## Exercise aim:
Lines from the one containing "Leopoldo López abraza" through the final line of the data, restated word for word and free of pictures, make up the whole answer.
/---
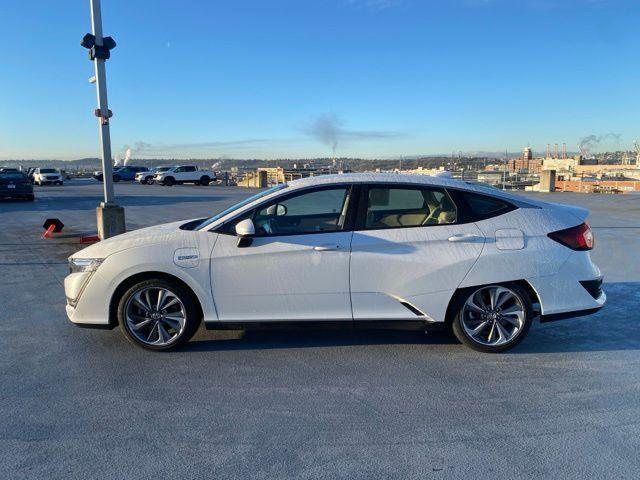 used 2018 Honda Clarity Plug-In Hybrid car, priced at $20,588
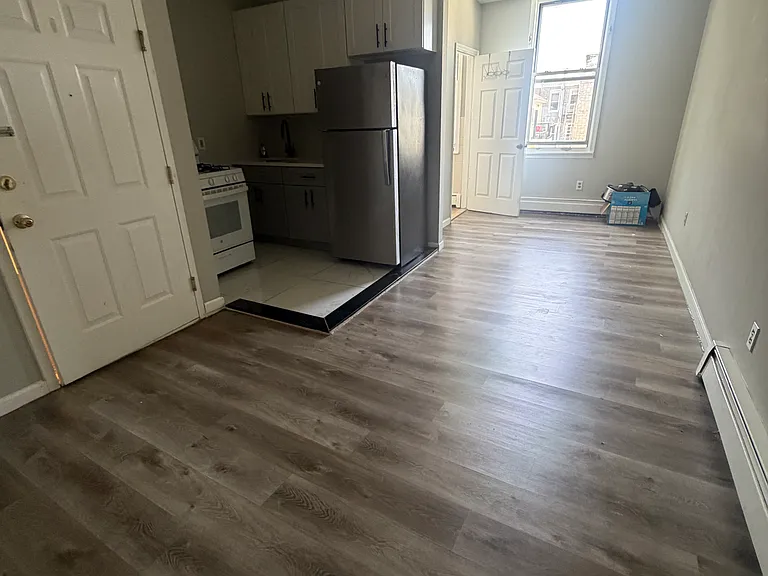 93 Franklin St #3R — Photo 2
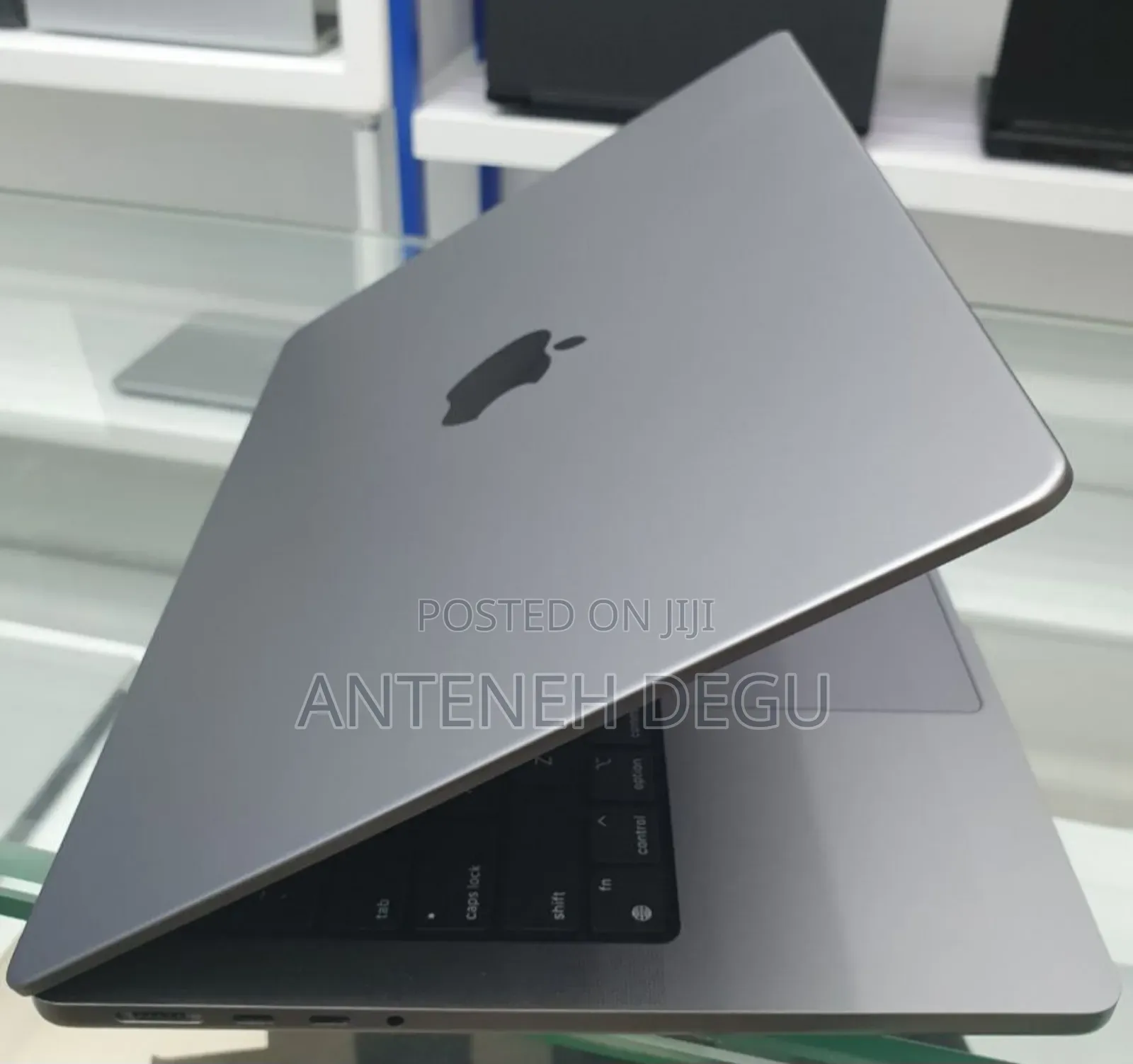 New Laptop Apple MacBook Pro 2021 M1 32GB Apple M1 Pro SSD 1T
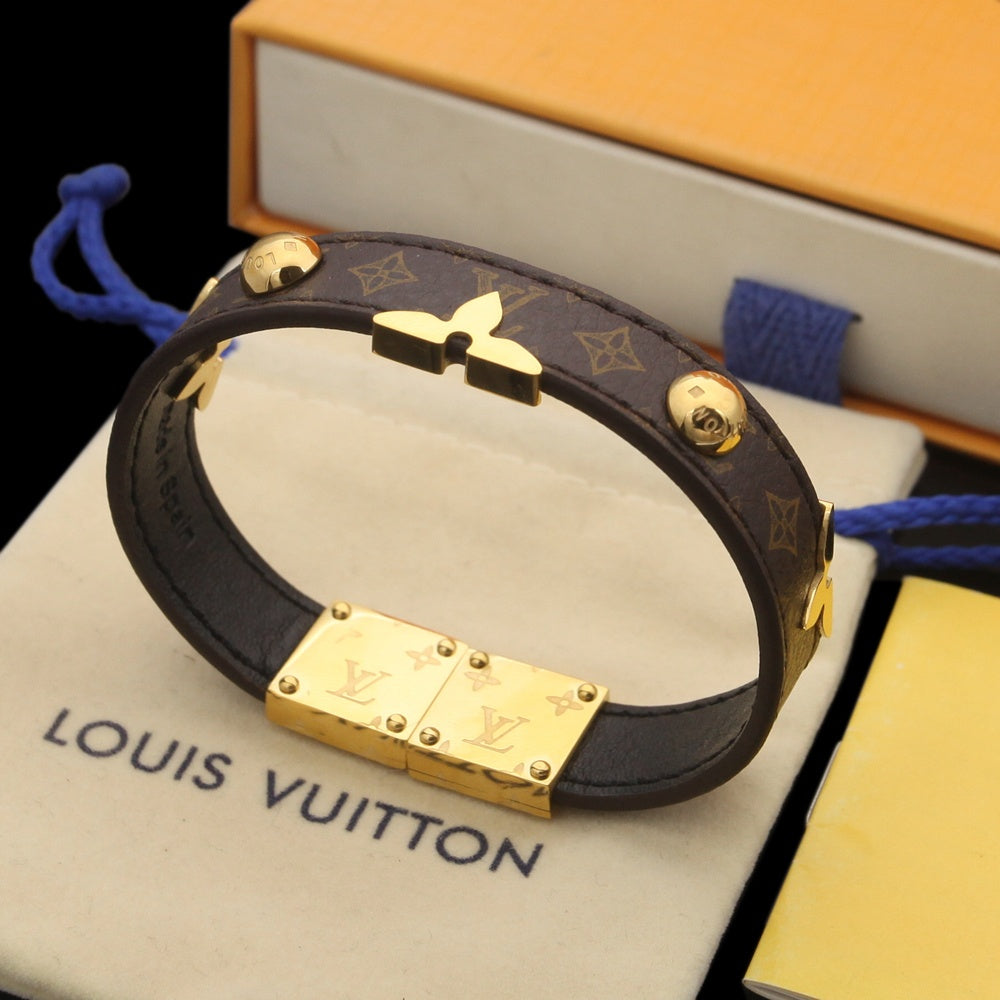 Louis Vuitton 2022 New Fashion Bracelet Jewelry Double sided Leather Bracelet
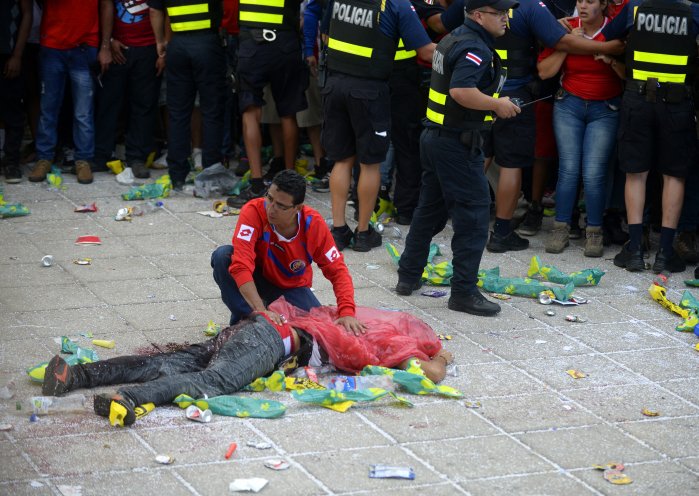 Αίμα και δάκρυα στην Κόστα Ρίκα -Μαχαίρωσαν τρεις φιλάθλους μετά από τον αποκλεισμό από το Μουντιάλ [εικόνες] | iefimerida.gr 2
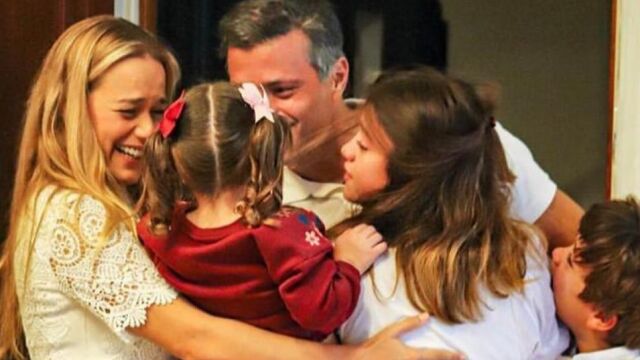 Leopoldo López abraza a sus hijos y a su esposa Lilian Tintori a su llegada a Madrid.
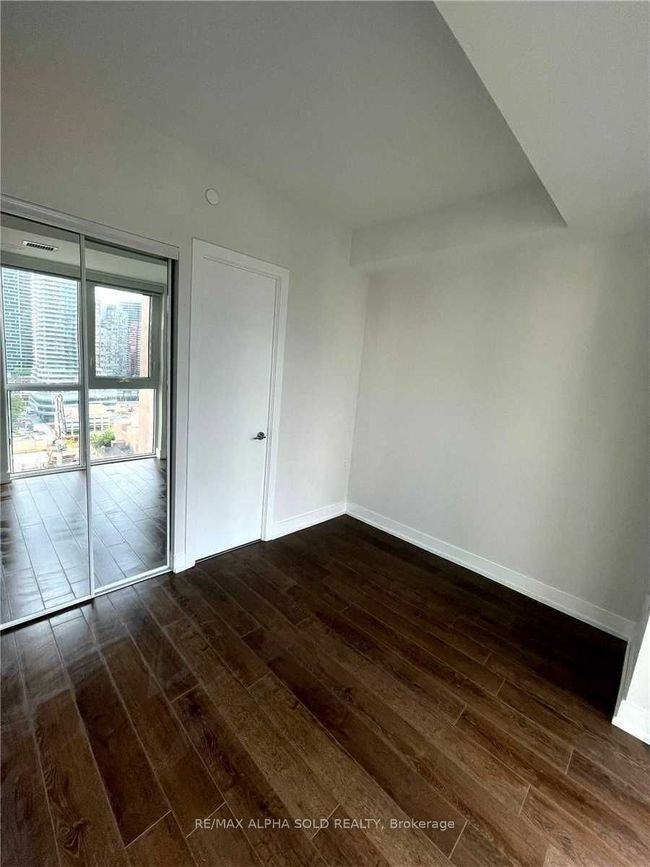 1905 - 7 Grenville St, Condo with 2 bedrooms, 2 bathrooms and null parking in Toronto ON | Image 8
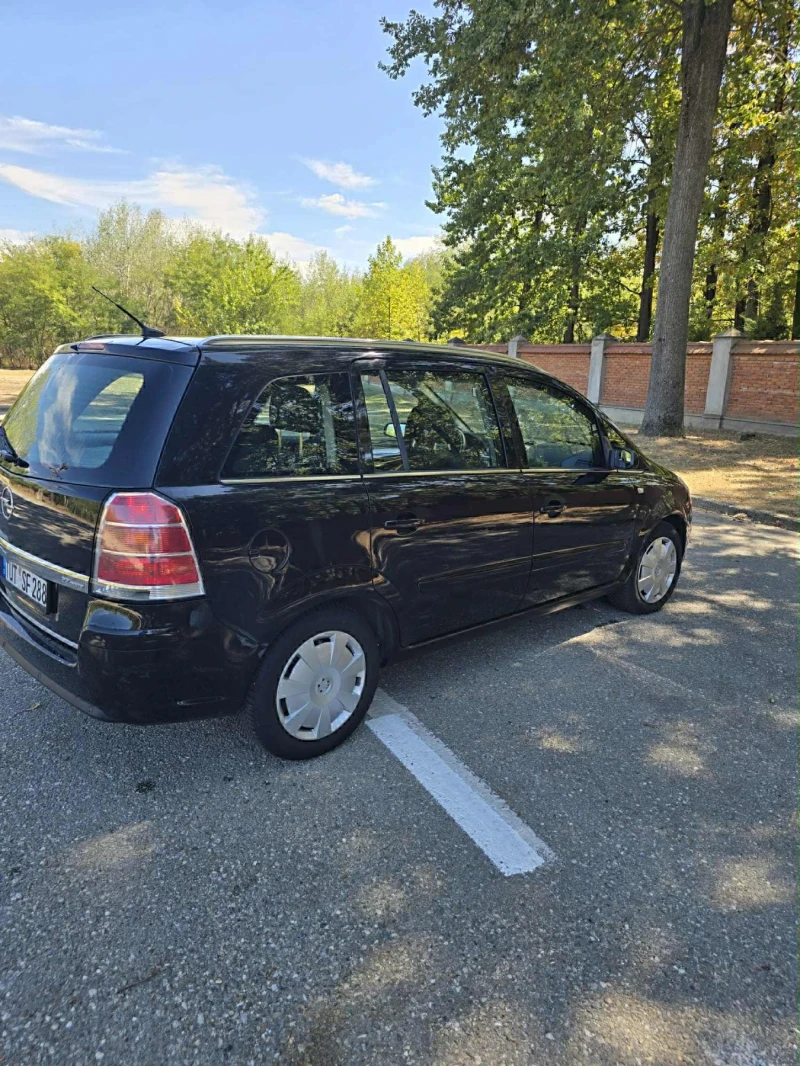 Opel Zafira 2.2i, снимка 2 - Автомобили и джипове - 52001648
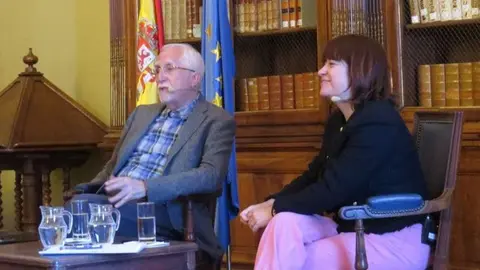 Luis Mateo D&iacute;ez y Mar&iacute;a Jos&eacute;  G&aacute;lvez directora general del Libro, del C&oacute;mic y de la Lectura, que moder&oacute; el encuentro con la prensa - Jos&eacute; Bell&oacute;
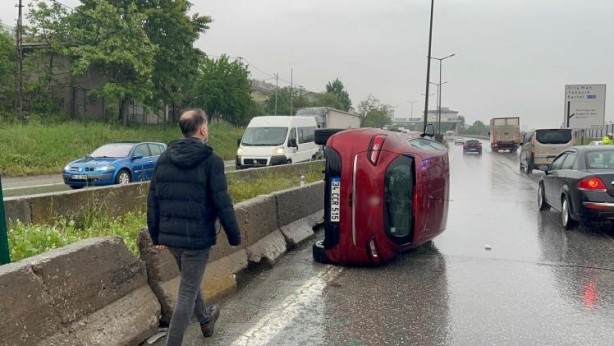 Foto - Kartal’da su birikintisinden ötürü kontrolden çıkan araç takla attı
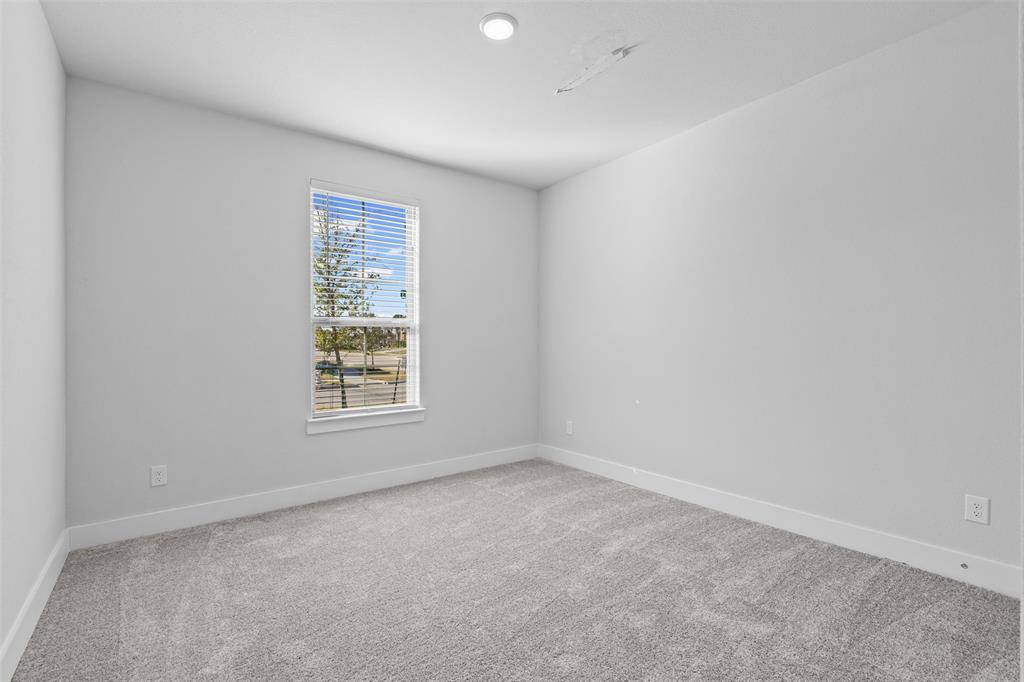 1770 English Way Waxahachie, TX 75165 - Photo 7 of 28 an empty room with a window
\---
## Answer to this problem:
 Leopoldo López abraza a sus hijos y a su esposa Lilian Tintori a su llegada a Madrid.
 1905 - 7 Grenville St, Condo with 2 bedrooms, 2 bathrooms and null parking in Toronto ON | Image 8
 Opel Zafira 2.2i, снимка 2 - Автомобили и джипове - 52001648
 Luis Mateo D&iacute;ez y Mar&iacute;a Jos&eacute;  G&aacute;lvez directora general del Libro, del C&oacute;mic y de la Lectura, que moder&oacute; el encuentro con la prensa - Jos&eacute; Bell&oacute;
 Foto - Kartal’da su birikintisinden ötürü kontrolden çıkan araç takla attı
 1770 English Way Waxahachie, TX 75165 - Photo 7 of 28 an empty room with a window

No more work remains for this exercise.